(Records begins)

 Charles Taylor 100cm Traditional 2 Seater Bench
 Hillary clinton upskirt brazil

(Records ends)
(Records begins)

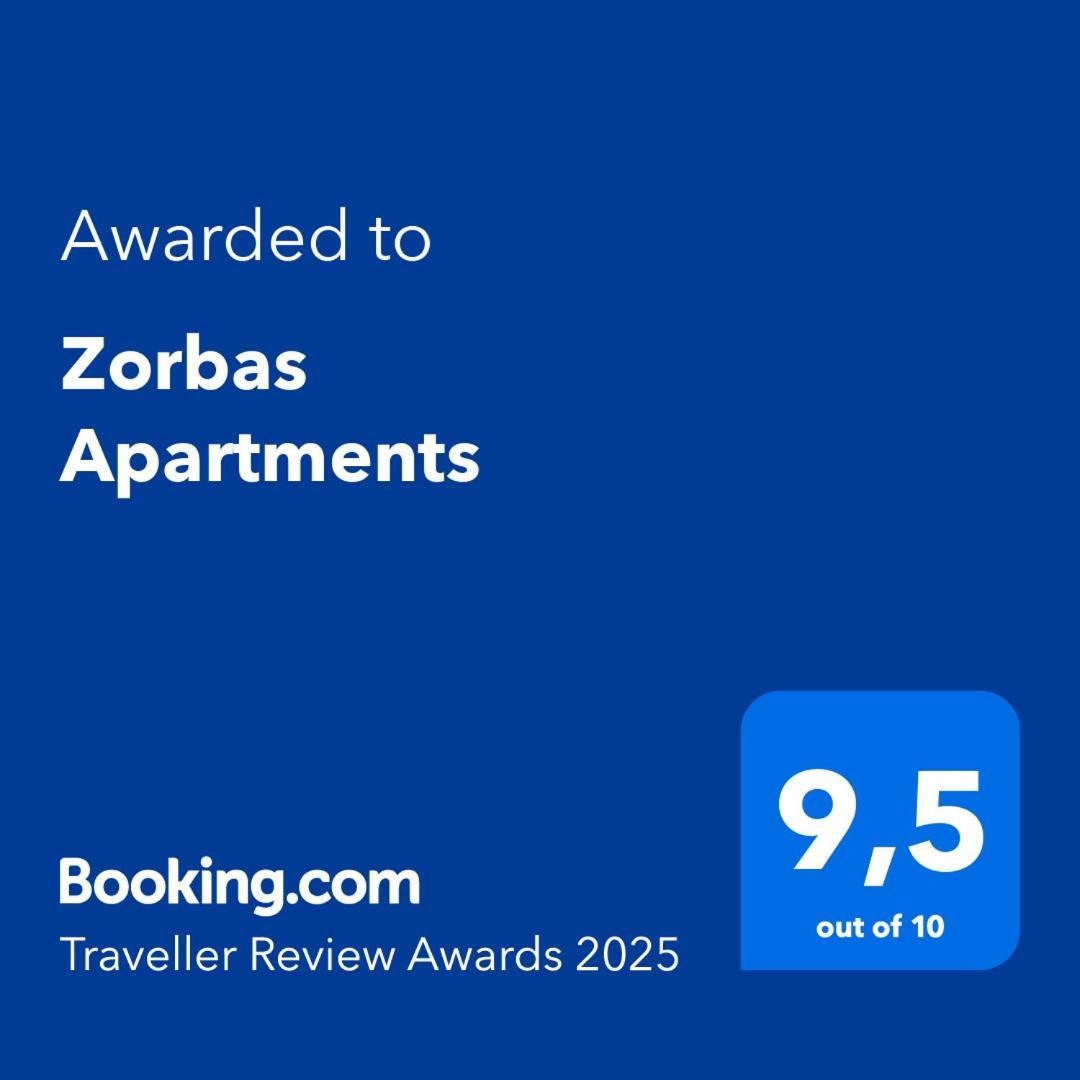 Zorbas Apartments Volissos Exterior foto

(Records ends)
(Records begins)

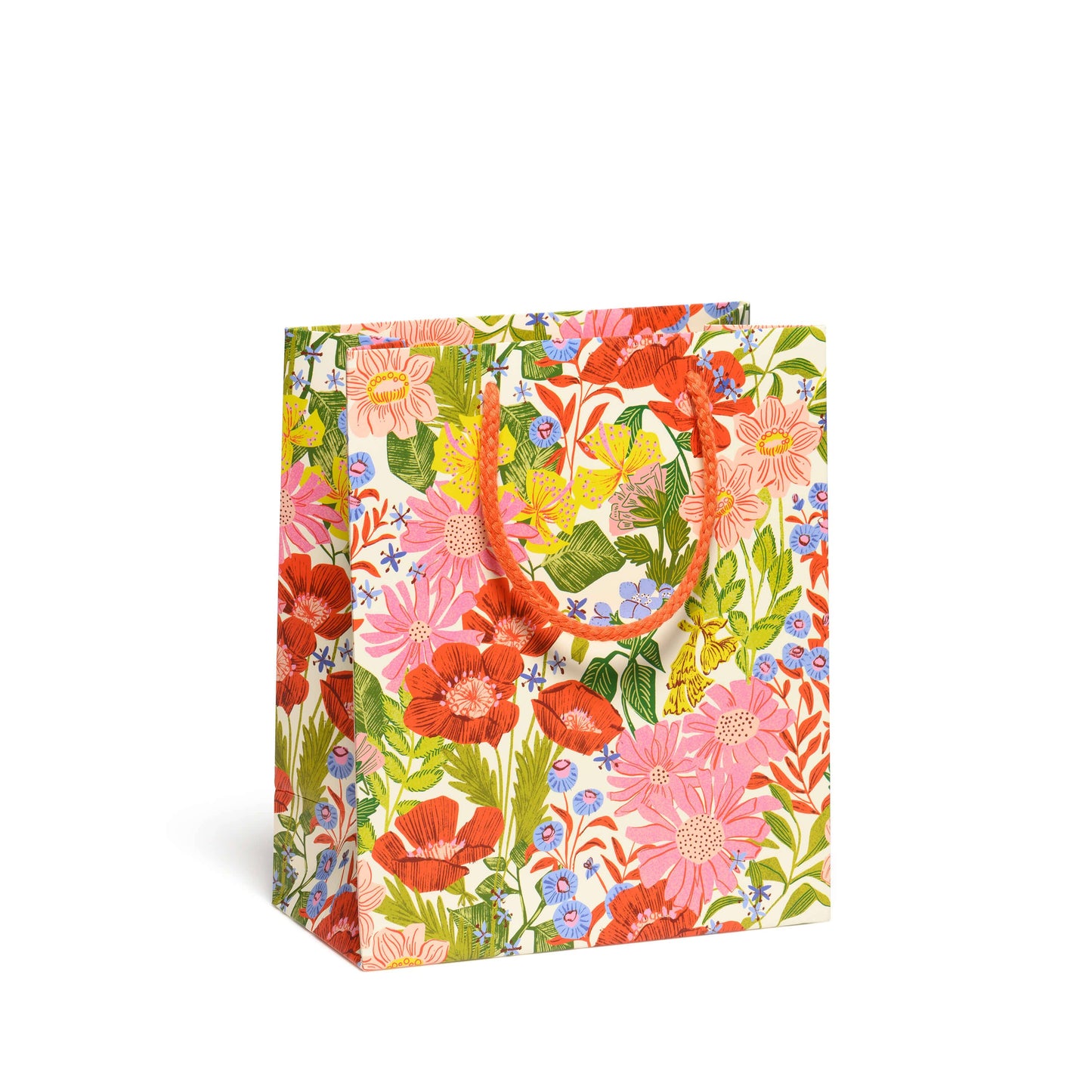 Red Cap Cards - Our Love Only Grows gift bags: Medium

(Records ends)

Everything above from the line containing "Charles Taylor 100cm" through the line containing "Hillary clinton upskirt brazil" must be copied exactly. Nothing outside that range belongs in the answer.

• **Answer to this task**:
 Charles Taylor 100cm Traditional 2 Seater Bench
 Hillary clinton upskirt brazil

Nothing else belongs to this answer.